In this way, we can see that the human being develops a qualitative and quantitative leap within his evolution, since through learning by observation, emulation and imitation of behaviors, human beings can acquire behaviors that other species take thousands of years to develop. Ramachandran illustrates how this happens with the following example: "A polar bear will take thousands of generations (perhaps 100,000 years) to develop fur. However, a human being, a child, can watch his parents kill a polar bear, skin it and put the fur on its body, and learn it in one step. What the polar bear took 100,000 years to learn, he learns within minutes. And once it learns it, it spreads in geometric proportions within a population". This is the basis for understanding how culture and civilization began and developed. The imitation of complex skills is what we call culture and is the basis of civilization.
Understanding Civilization - Expanding the Science Paradigm
Through this hypothesis developed by Ramachandran we can understand many of the social phenomena that occur in our cultures, as well as realize why we are essentially social beings. The discovery of mirror neurons opens a space for the relationship between neurosciences and humanities, bringing to the forefront relevant issues related to leadership, human relationships, culture and the transmission through generations of habits that make up our culture.
Further research into mirror neurons not only allows us to broaden the scientific paradigm for the sake of understanding culture and social phenomena, but also helps us to develop therapeutic methods within the field of psychology and psychiatry that may prove to be more effective.

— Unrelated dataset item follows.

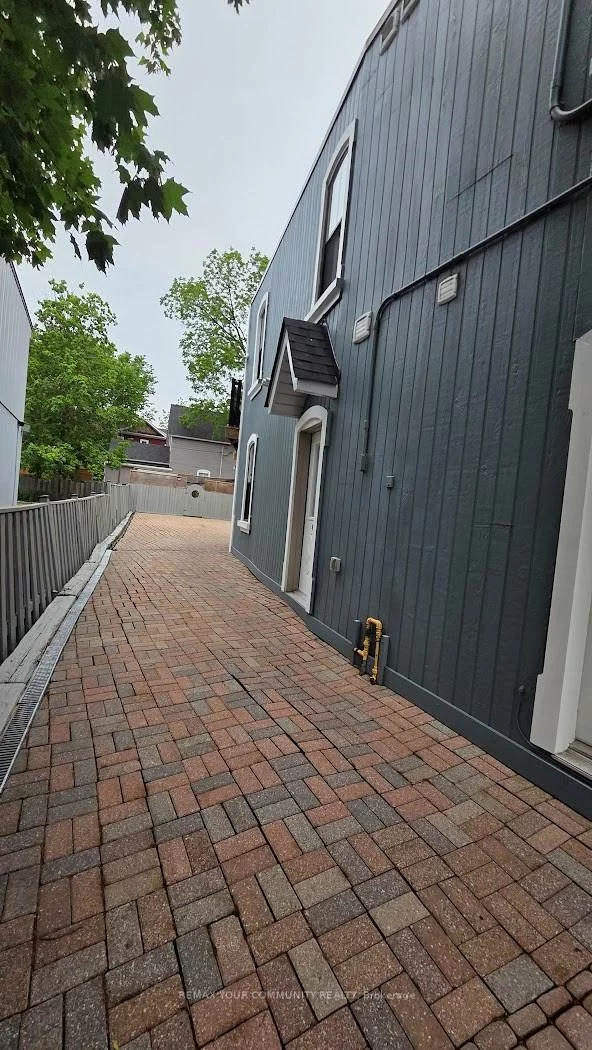 10, Centre, Old Markham Village, Markham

The human brain remains an unknown and involves many mysteries about its functioning at a global level, but we are getting closer and closer to understanding the complex processes that identify the human being. Through research like this we can reach conclusions that travel from reductionism to a more accurate and global vision, with the aim of understanding why we are the way we are and the influence of brain processes in society and how culture also shapes our brain.
As well said Antonio Damassio in his book "Descartes' Error”:
"Discovering that a given feeling depends on the activity of several specific brain systems interacting with various organs of the body does not diminish the status of that feeling as a human phenomenon. Neither the anguish nor the exaltation that love or art can provide is devalued by knowing some of the innumerable Biological processes that make them what they are. It should be precisely the other way around: our capacity for wonder should be enhanced by the intricate mechanisms that make such magic possible.”.